10 Hard-Learned Lessons in Prompt Engineering

A recent post on Reddit’s r/PromptEngineering shared ten powerful lessons learned from real-world experience. It’s a goldmine for anyone building working with AI and building CustomGPT's or Agents. It is also great fundamental advice.

Key Insights 
  1.  Examples beat instructions. Models learn patterns faster from examples than from detailed written rules.
  2. Treat prompts like code. Use version control, testing, and performance tracking.
  3. Test coverage > prompt polish. Wide evaluation exposes hidden weaknesses better than clever phrasing.
  4. Domain expertise wins. Subject experts write more accurate prompts than general engineers.
  5. Don’t overlook temperature. Small tuning can solve major consistency problems.
  6. Every model is unique. What works for GPT-4o may fail on Claude or Llama.
  7. Keep reasoning simple.

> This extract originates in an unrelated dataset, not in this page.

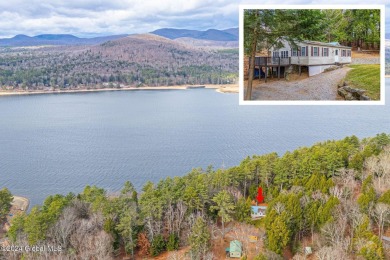 Discover lakeside charm and mountain views in this enchanting - Lake Home For Sale in Day, New York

Complex “chain-of-thought” prompts don’t always outperform direct instructions.
  8. Use AI to optimize AI. Models can often refine their own prompts effectively.
  9. Strong system prompts matter most. Foundation setup drives most of the output quality.
  10. Plan for prompt injection defense early. Secure prompts before deployment. These insights reflect a maturing field: prompt engineering is evolving from creative experimentation into disciplined software engineering. 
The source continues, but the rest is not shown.